**Aim of the task:** Although the entries contain pictures, write out only their text, exactly as it stands.

**Material provided:**
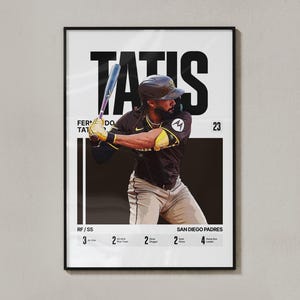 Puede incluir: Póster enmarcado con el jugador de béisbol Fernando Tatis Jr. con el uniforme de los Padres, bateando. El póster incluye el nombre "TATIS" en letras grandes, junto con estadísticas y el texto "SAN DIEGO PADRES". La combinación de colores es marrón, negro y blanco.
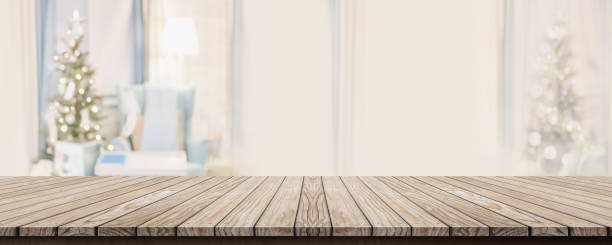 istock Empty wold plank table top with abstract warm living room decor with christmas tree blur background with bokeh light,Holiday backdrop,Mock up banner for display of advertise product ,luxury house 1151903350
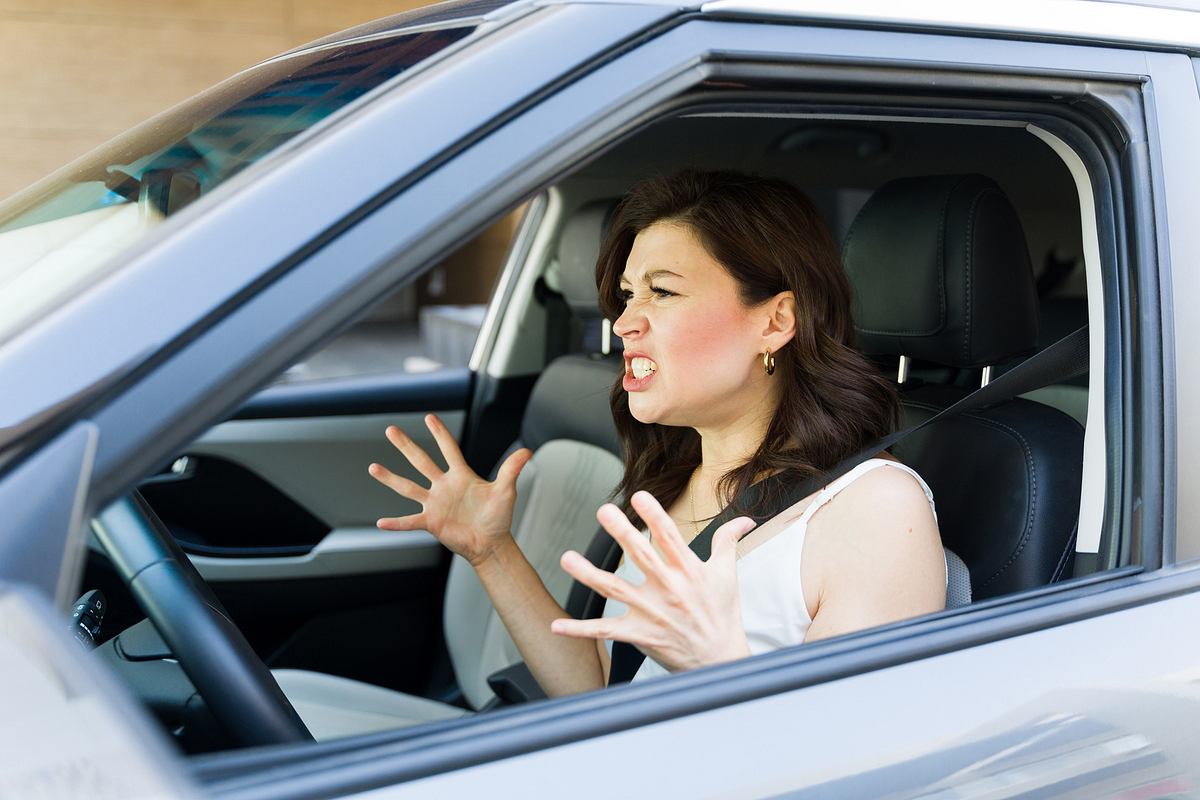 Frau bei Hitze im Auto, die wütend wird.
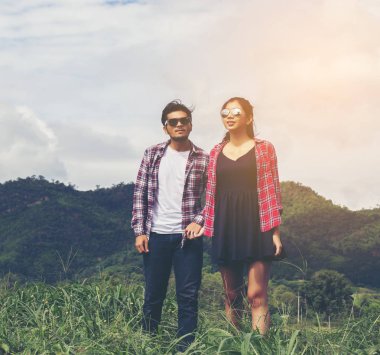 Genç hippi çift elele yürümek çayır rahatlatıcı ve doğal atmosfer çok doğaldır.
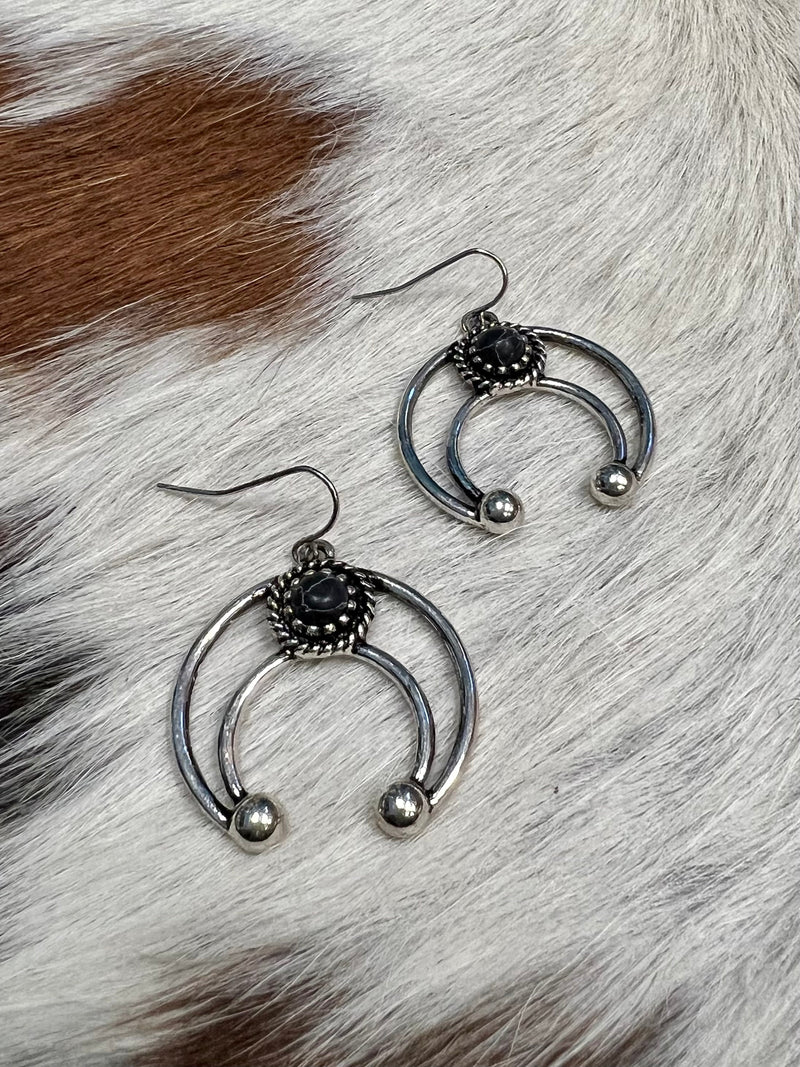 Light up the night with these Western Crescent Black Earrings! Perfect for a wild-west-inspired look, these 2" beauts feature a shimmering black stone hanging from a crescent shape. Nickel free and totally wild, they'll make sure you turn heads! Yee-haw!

**Written solution:**
 Puede incluir: Póster enmarcado con el jugador de béisbol Fernando Tatis Jr. con el uniforme de los Padres, bateando. El póster incluye el nombre "TATIS" en letras grandes, junto con estadísticas y el texto "SAN DIEGO PADRES". La combinación de colores es marrón, negro y blanco.
 istock Empty wold plank table top with abstract warm living room decor with christmas tree blur background with bokeh light,Holiday backdrop,Mock up banner for display of advertise product ,luxury house 1151903350
 Frau bei Hitze im Auto, die wütend wird.
 Genç hippi çift elele yürümek çayır rahatlatıcı ve doğal atmosfer çok doğaldır.
 Light up the night with these Western Crescent Black Earrings! Perfect for a wild-west-inspired look, these 2" beauts feature a shimmering black stone hanging from a crescent shape. Nickel free and totally wild, they'll make sure you turn heads! Yee-haw!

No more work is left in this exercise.